Harvee

Philipp’s Playground in the Cloud

01 Nov 2018

Serverless – Putting It All Together

After putting all necessary infrastructure pieces in place it is finally time to implement my serverless function using AWS Lambda. On the AWS management console there is an editor available to configure the function and with Cloud9 one even has an integrated IDE in the management console to write functions in a variety of languages.

However for my little project I wanted to go the traditional route with writing my code locally (I am a big fan of the Atom editor these days), being able to test it and then uploading it to AWS. My language of choice currently is Python so I am came across python-lambda, which provides excellent scaffolding around creating an AWS Lambda project locally and then takes care of uploading the archive (containing all required dependencies) to AWS.

At the heart of my serverless function is a Neo4J query to get events from venues which are in close proximity to the currently viewed event. While there are different ways to interact with Neo4J I choose the Cypher query language. In previous versions of this feature (which were not yet running as an AWS lambda function) I had the processing of the data split over several Cypher queries combined with Python magic in between. The goal was to change that into one query (and basically let Cypher do all the work). This is what I came up with:

// Lookup the venue specified by name as well as all other venues which are hosting events

MATCH (v1:Venue { name: "%s" }),(v2:Venue)-[r]->(e:Event)

// Filter all venues and only use the ones that have the geo labels set

WHERE EXISTS (v1.latitude) and EXISTS (v2.latitude)

// Remember the results and store how far apart these venues would be

WITH v1, v2, toInt(distance(point(v1),point(v2))) as distance, r as hosting, e as event

// Next filter the results and make sure the distance between the venues is below a certain max value and also only consider the venues which host events in the future

WHERE distance > 0 and distance < %s and hosting.startTime > timestamp() WITH v2 as venue, distance, hosting, event

// Sort the results ascending so that the closest venue is at the top. Also sort by start time of the event and take the first 10 results

ORDER BY distance ASC, hosting.startTime ASC LIMIT 10

// From the result list return the event name of each event alongside its id, distance of its venue, time and venue name

RETURN event.name as event_name, head(collect( [hosting.eventId, distance, hosting.startTime, venue.name])) as event_details

Running the above query in the Neo4J UI presents a result like shown in the following screenshot:

Result Neo Query

Same as with the Microservices I am leveraging Gitlab CI features to bring the function to work. The below shows the build and deploy phase of the AWS lambda function. During the build phase I am putting together a container which has the function code as well as python-lambda deployed and during the deploy phase the only thing left to do (besides fiddling around with some configuration) is to call lambda deploy to trigger the upload to AWS.

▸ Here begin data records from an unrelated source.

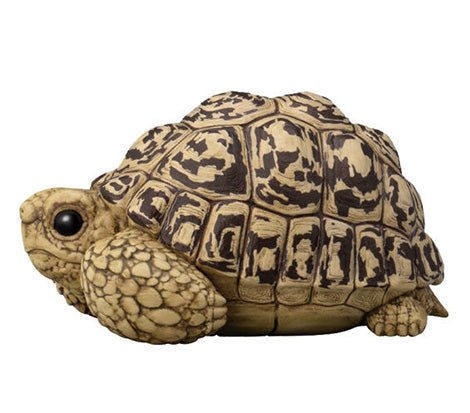 PRE ORDER Tenori Friends 11 Reptiles & Amphibians (1 Supplied) - Inspire Newquay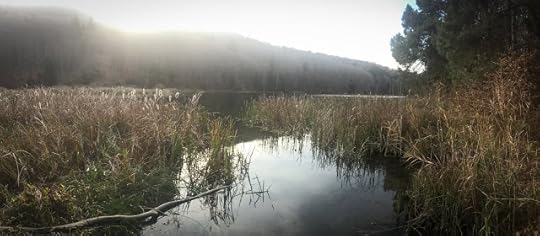 Lacul II Codlea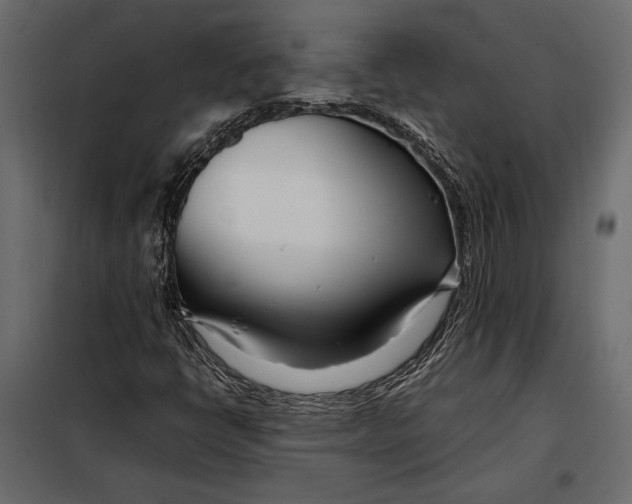 X0000098081398200804251502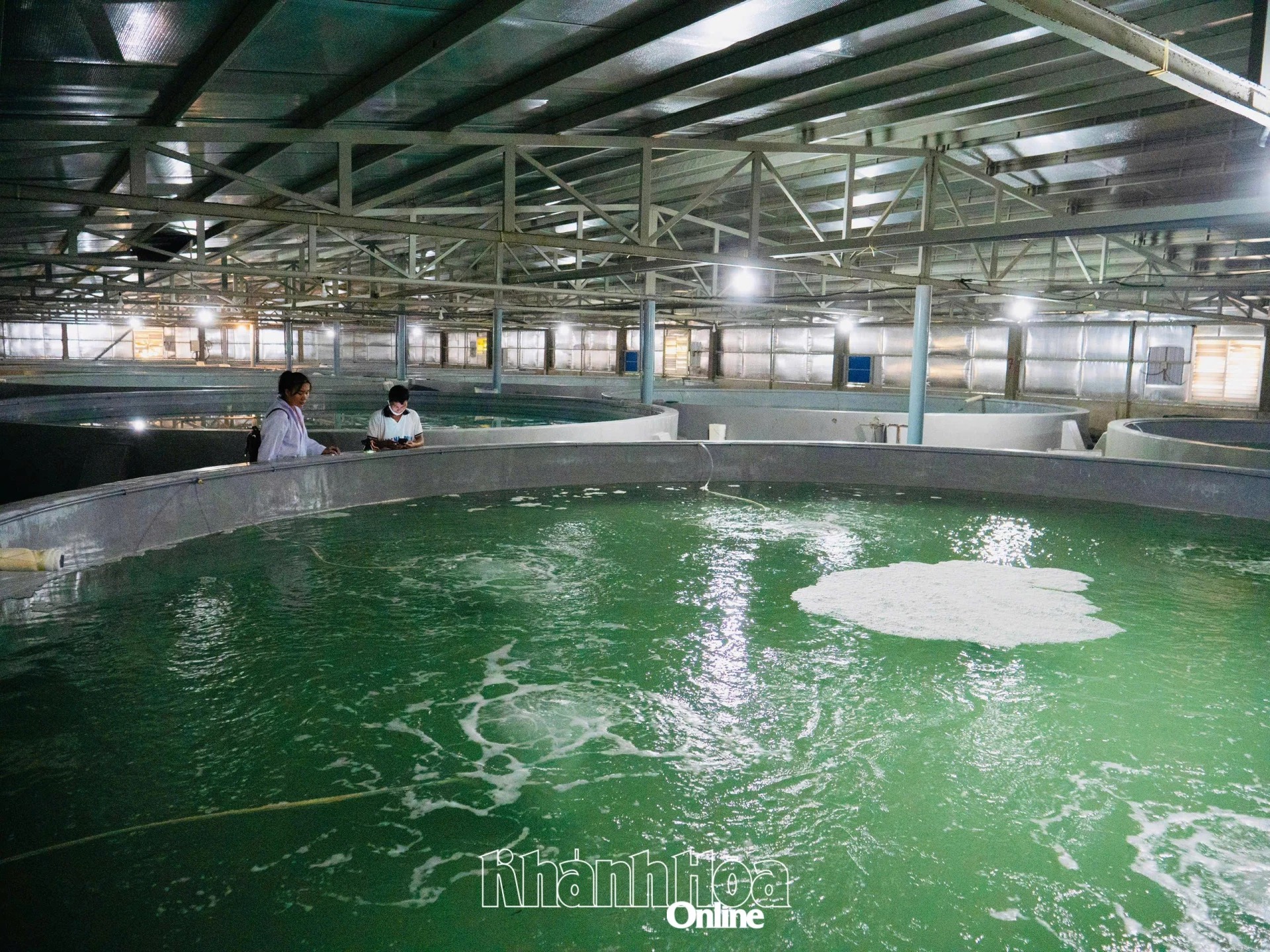 Sản xuất tôm giống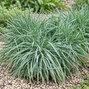 Koeleria 'coolio' - ometlina - Koeleria 'Coolio'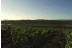 Visita Guiada y Cata en Bodega Laus para dos (Barbastro, Huesca)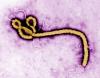 New Ebola outbreak confirmed in remote Congo province, with 65 deaths recorded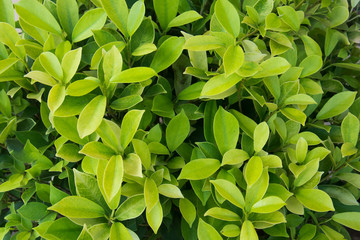 fresh leaves ficus altissima Blume tree background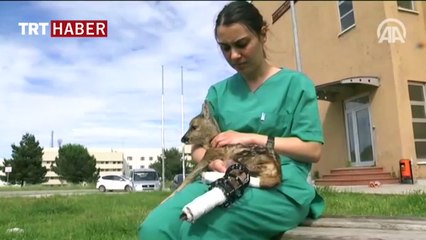 Karaca yavrusunu öğrenciler evlerinde bebek gibi besliyor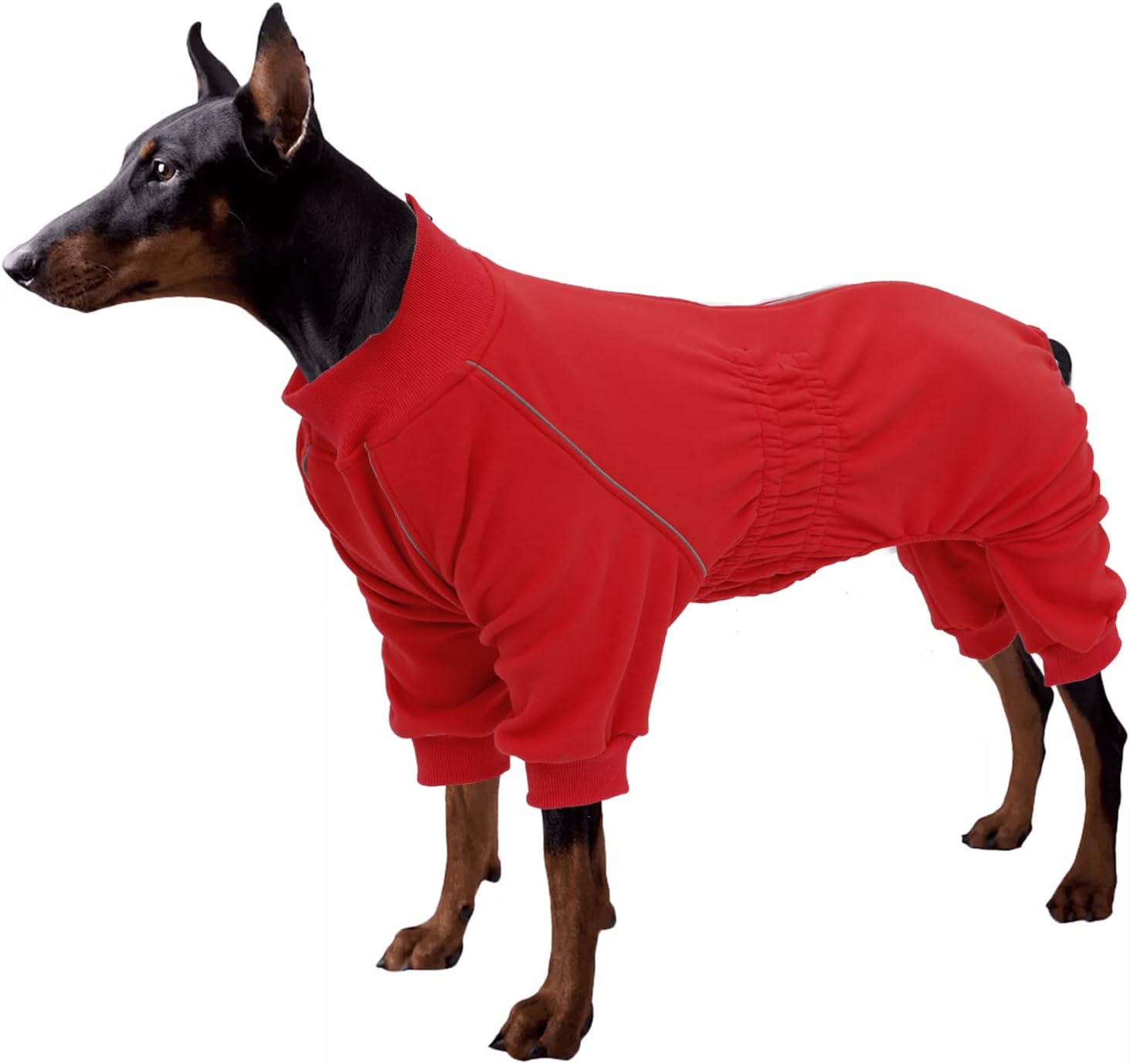 dog jackets with legs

.build_script: &build_script

stage: build

script:

- export stack="${service_name}-${CI_COMMIT_REF_SLUG}-${CI_COMMIT_SHA:0:8}"

- docker build --build-arg version=${CI_COMMIT_SHA:0:8} --build-arg branch=${CI_COMMIT_REF_SLUG} --build-arg stack=$stack -t $registry/$service_name:latest .

- docker push $registry/$service_name:latest

.deploy_script: &deploy_script

stage: deploy

image: $registry/$service_name:latest

script:

- mv config.yaml config.yaml.orig

- sed "s/function_name:\ [a-z\_]*/&_${CI_COMMIT_SHA:0:8}/" config.yaml.orig > config.yaml.1

- sed "s/version:\ 'DEV'/version:\ '${CI_COMMIT_SHA:0:8}'/" config.yaml.1 > config.yaml

- lambda deploy

Obviously I also had to update my Angular UI to use this function and since all UI and API requests get orchestrated by Kong I had to update its configuration respectively. But now I am able to present events in close proximity to the currently viewed event on Harvee as it can be seen in the next screenshot (the event shown is organized by the Python user group in Düsseldorf, where I (try to) attend the monthly meetings and their Hackathons happening twice a year).